Pregunta

I have two folders for a particular web site. There is the main www.mysite.com site which is at home/user/public_html and then I have a sub domain -> dev.mysite.com for the latest under development version of the site at /home/user/dev_html

Maybe because of laziness in the past when moving the new site to the main directory, I have just backed up the current site, downloaded it via ftp, erased the site files and then uploaded the new site. However, ftp is so slow and unreliable that this is a ridiculously slow and error prone way of doing it - especially for big sites.

So I was thinking of just logging in via ssh and then moving all the files out of public_html and then copying the new files from dev_html but then it struck me. Can't I just change the name of the public_html folder to something like public_html_old and then change dev_html to public_html? Will Apache go mental if I do this?

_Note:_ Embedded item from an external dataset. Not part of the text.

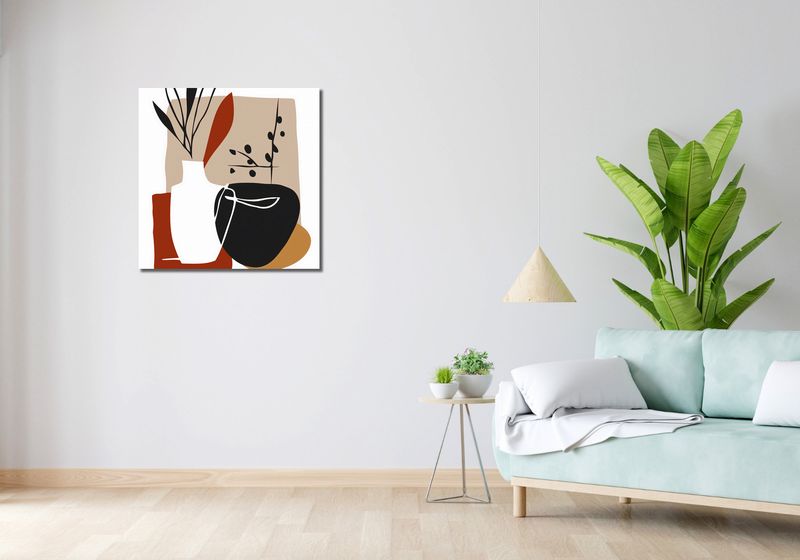 Obraz 70x70cm Naturalne Przemyślenie zdjęcie 2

Forgive me if this is a stupid question.

¿Fue útil?

Solución

What you propose is fine. In fact, you can do it in one line from the CLI.

mv public_html public_html_old && mv dev_html public_html

You can also try the following...

Create a symbolic link to the current main site, eg (assuming the current site resides in a v1_html directory)

ln -s v1_html public_html

Then, to switch document roots...

rm public_html && ln -s v2_html public_html

Otros consejos

If you can access the server in SSH, you can use cp command to copy your directory files to public_html or rename the folder as you suggested.

Be sure to stop the Apache service first.